Potretkota.com - Perselisihan yang berujung kekerasan membawa dua pengusaha buah, Yusuf alias Denius dan Poerwantoro Prazigi alias Sengek, ke kursi terdakwa Pengadilan Negeri (PN) Surabaya. Keduanya mulai menjalani persidangan pada Rabu (12/8/2026).

Dalam sidang perdana yang digelar di Ruang Tirta PN Surabaya, Jaksa Penuntut Umum (JPU) Estik Dilla Rahmawati dari Kejaksaan Negeri Tanjung Perak membacakan dakwaan terkait dugaan penganiayaan terhadap Louis Prasetya, 22 tahun.

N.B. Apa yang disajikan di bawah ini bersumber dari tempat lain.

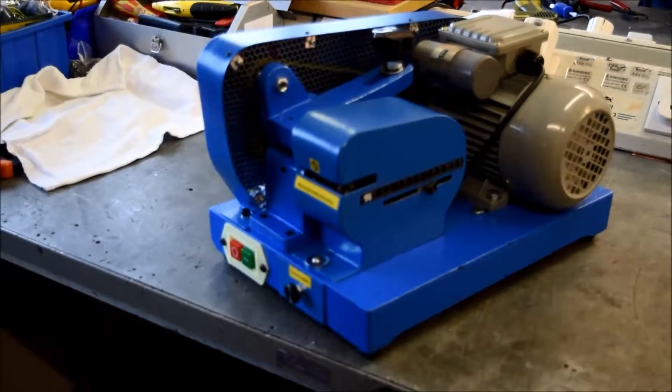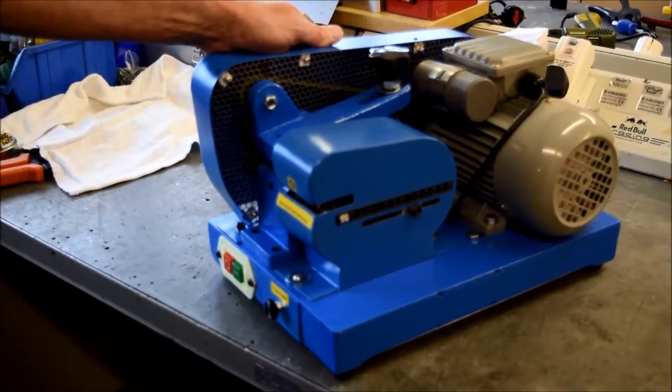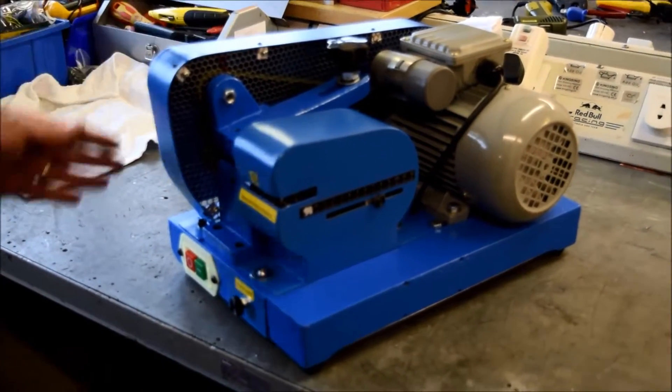Today in Kevin's workshop we're looking at the KS680B enamel wire stripper. Just a quick walk around the product.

Baca juga: Ganda Hadi Wijaya Dijatuhi Hukuman 8 Tahun Penjara

Jaksa mendakwa keduanya melanggar Pasal 262 ayat (1) dan ayat (2) Undang-Undang Nomor 1 Tahun 2023 tentang KUHP. Jika terbukti bersalah, kedua terdakwa terancam hukuman maksimal 7 tahun penjara.

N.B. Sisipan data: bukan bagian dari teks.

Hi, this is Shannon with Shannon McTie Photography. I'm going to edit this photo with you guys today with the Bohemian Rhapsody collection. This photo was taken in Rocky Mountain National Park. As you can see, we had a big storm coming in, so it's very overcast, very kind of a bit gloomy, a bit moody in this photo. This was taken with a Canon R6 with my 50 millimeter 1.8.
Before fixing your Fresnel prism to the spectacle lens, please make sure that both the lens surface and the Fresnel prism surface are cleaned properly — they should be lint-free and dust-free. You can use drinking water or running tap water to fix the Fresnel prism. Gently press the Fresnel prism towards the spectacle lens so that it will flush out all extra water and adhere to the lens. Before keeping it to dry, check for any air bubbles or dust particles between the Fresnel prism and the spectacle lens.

Perkara ini bermula dari percekcokan. Namun, menurut dakwaan jaksa, perselisihan tersebut kemudian berubah menjadi aksi kekerasan terhadap Louis.

Yusuf disebut mengepalkan tangan kanannya dan memukul bagian kepala serta wajah korban. Pukulan juga disebut mengenai mulut Louis. Korban sempat berusaha melawan dengan mendorong Yusuf. Namun situasi justru semakin brutal.

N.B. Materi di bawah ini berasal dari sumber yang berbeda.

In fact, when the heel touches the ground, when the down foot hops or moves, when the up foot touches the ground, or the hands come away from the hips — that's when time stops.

Jaksa menyebut Poerwantoro datang dari arah belakang dan ikut menghantam korban. Kepala bagian belakang, bahu, hingga tubuh Louis disebut menjadi sasaran pukulan secara bertubi-tubi. Tak berhenti di situ. Dalam dakwaan, jaksa juga mengungkap keterlibatan seorang pria bernama Fatah alias Celeng, yang hingga kini masih berstatus daftar pencarian orang (DPO).

Fatah diduga membanting dan mencekik Louis. Bahkan, korban disebut mendapat ancaman akan dibunuh agar tidak melakukan perlawanan. Akibat kejadian tersebut, Louis mengalami sejumlah luka. Di antaranya memar pada kepala, wajah, bahu dan kaki, serta luka robek pada pipi kanan berukuran sekitar 2 x 1 sentimeter.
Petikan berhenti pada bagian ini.